Champion allotment-grower shows how it is done

How is the gardener to get everything sown, planted and trained in the busy month of May?

Champion sweet pea grower and allotment expert John Warren. Photograph: Richard Johnston
Champion sweet pea grower and allotment expert John Warren. Photograph: Richard Johnston

This is the month when I want to holler at Mother Nature to hold on for just one second. Or two. The month, as it slips so quickly through my fingers, that I want more time. Lots more. Enough to sniff the elderly lilac bush in perfumed flower. Enough to earth-up those baby potato plants pushing their way towards the light. Enough to net fruit bushes, to dead-head spring bulbs, to carefully train clematis so they don’t end up as a crazy tangle of stems, to thin lines of tiny carrot and parsnip seedlings, to ventilate the glasshouse, to cut the grass and yet still somehow or other remember to water pots of fragrant young basil plants. Enough time, to sow, to hoe, to weed and to grow, as well to just sit and watch.
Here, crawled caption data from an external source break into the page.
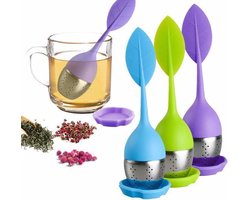 5pack Hoge kwaliteit KitchenKings Thee-eitjes | Theblaadjes | Voor losse thee + houder / uitlekbakje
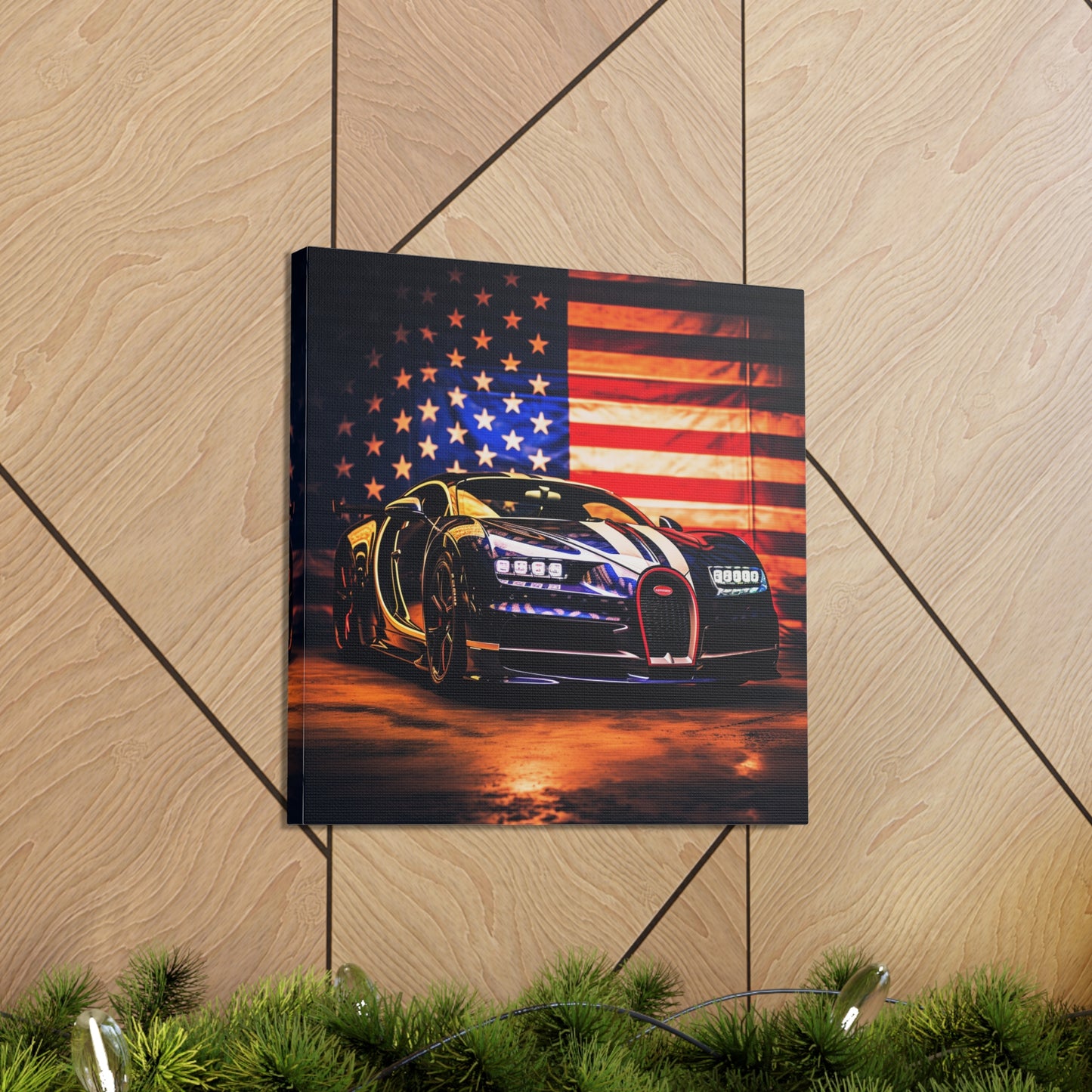 Canvas Gallery Wraps Macro Bugatti American Flag 4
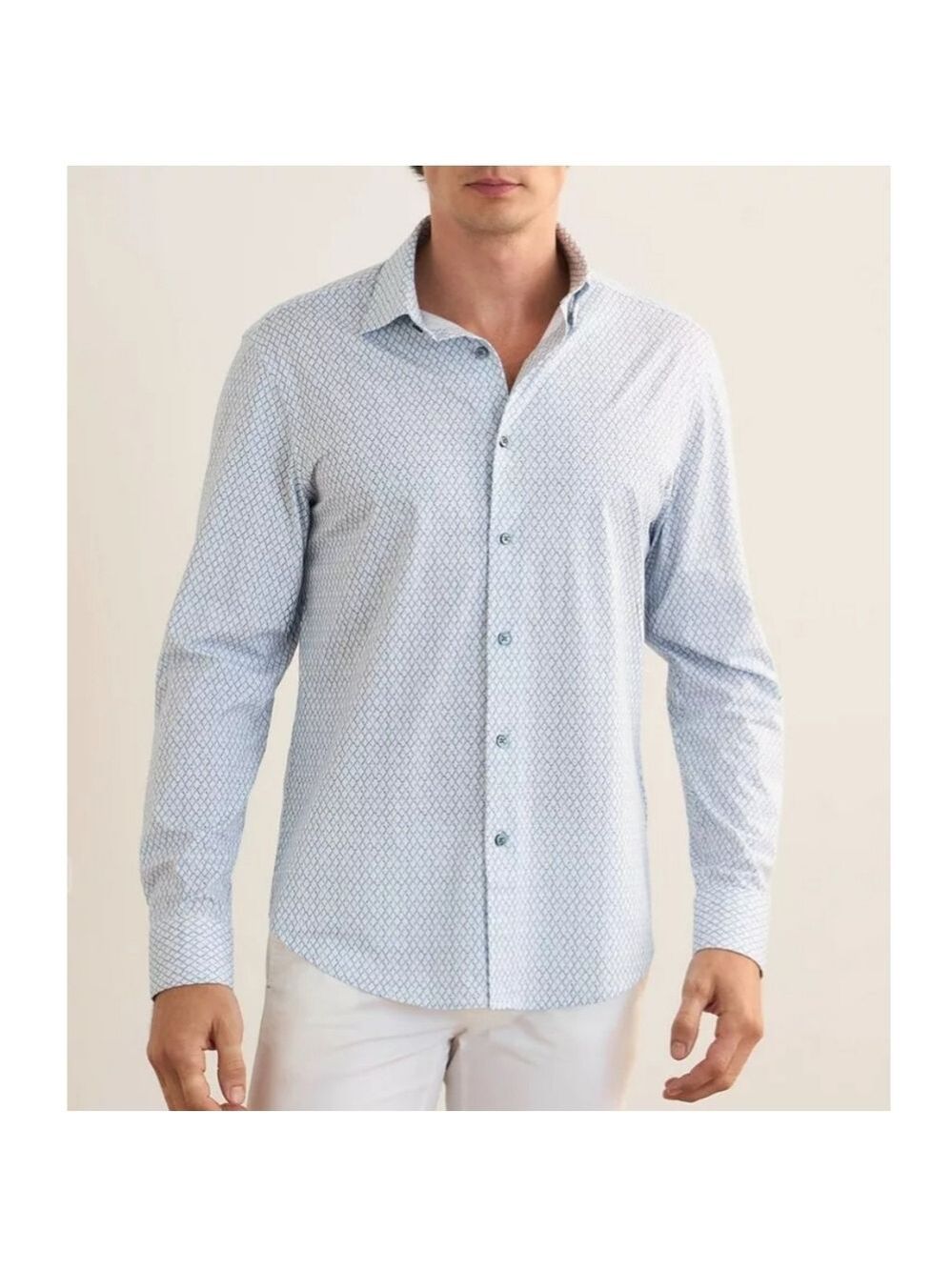 Bugatchi Sky Blue Casual Button Down Geometric Print Dress Shirt Large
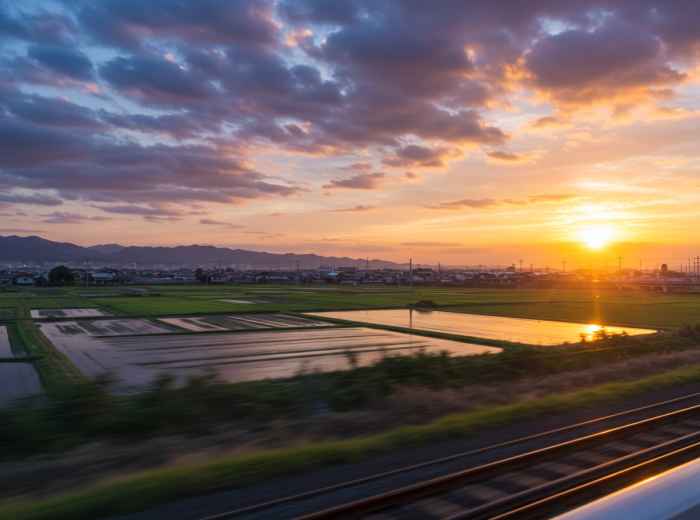 Sunset view from inside the shinkansen returning to Osaka, with rural landscapes passing by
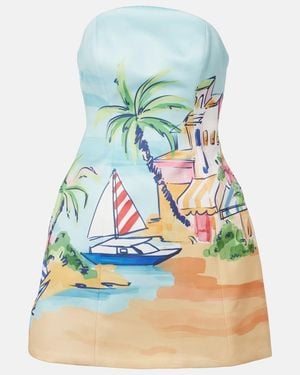 LEO LIN Printed Bustier Dress - Blue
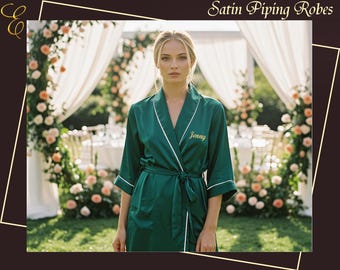Bridal Robe | Bridesmaid Robes with Piping | Customized Satin Robe | Bride Robe | Bridal Party Robes | Bridesmaid Gifts | Bachelorette Party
Exactly how do other gardeners manage the mad juggle that is the month of May? To find out, I visited the Donabate allotment of award-winning plot-holder and champion sweet pea grower, John Warren – a man who somehow manages to makes it all look easy.

Warren is the sort of gardener to whom other plot-holders refer, in awed and admiring tones, as an old-timer. He is the sort of gardener whose potatoes are always sown and earthed-up on time and which are of such exemplary tastiness and flouriness that they expose their shop-bought equivalents as the impostors that they are. Weeds never get the upperhand in Warren’s allotments because long before they might do so, they are hoed and hand-pulled with the sort of military precision that takes the rookie gardener’s breath away.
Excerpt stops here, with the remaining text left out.